The BT share price has fallen 8% this morning after the UK telecoms giant announced it will be axing 13,000 jobs and abandoning its London HQ in sweeping cost-cutting measures.
BT hopes to raise £1.5 billion by cutting staff in administrative and back-office functions. A third of the job losses will be outside the UK in the company’s Global Services division.
The company has struggled in recent months due to regulatory issues surrounding its Openreach infrastructure arm and its gaping pensions deficit.
Meanwhile, an additional 6,000 new jobs will be created in engineering and customer service to “support network deployment and customer service”, BT said.
The cost-cutting drive is designed to increase spending on BT networks and maintain its dividend to investors.

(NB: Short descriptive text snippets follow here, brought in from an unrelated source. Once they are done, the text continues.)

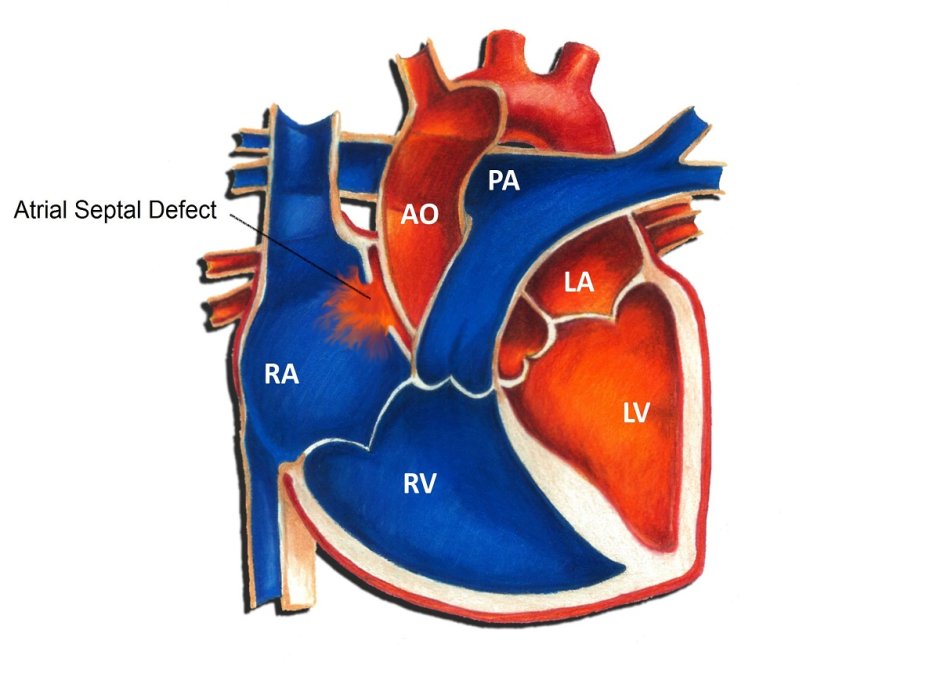 Митральный клапан сердца порок сердца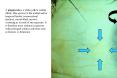 Diseases of the Eye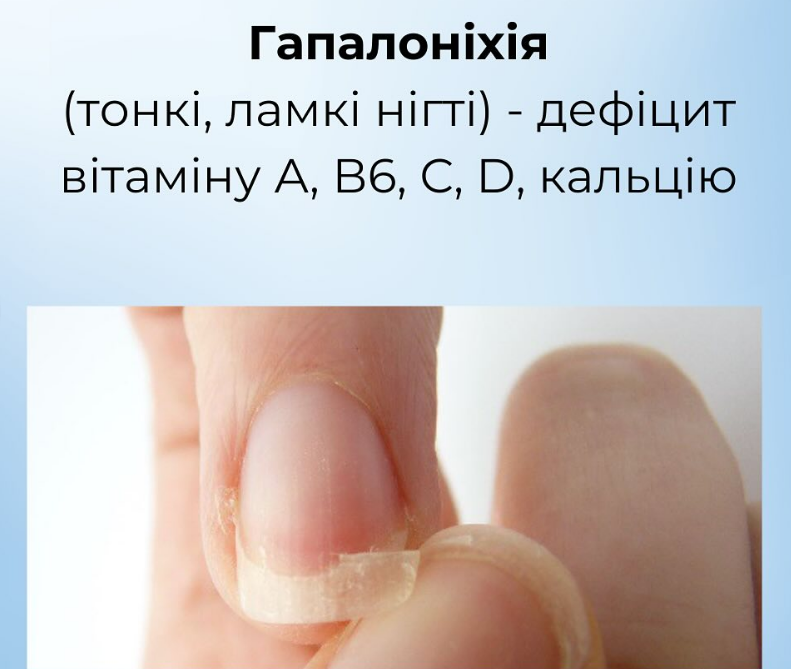 На проблему укажут ногти: как распознать пищевые дефициты и вернуть себе здоровье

BT also plans to relocate from its London premises to a smaller base and modernise its structure to offset “increasing competitive intensity from established companies and new entrants”.
It is critical that BT transforms its operating model to build a lean and agile organisation that delivers sustained improvement in customer experience and productivity.
Elsewhere, BT unveiled a 13-year-plan to plug a £11.3 billion deficit in its pension scheme with measures such as regular payments and a bond issue.
BT also reported an 11% rise in annual pre-tax profits to £2.6 billion this morning.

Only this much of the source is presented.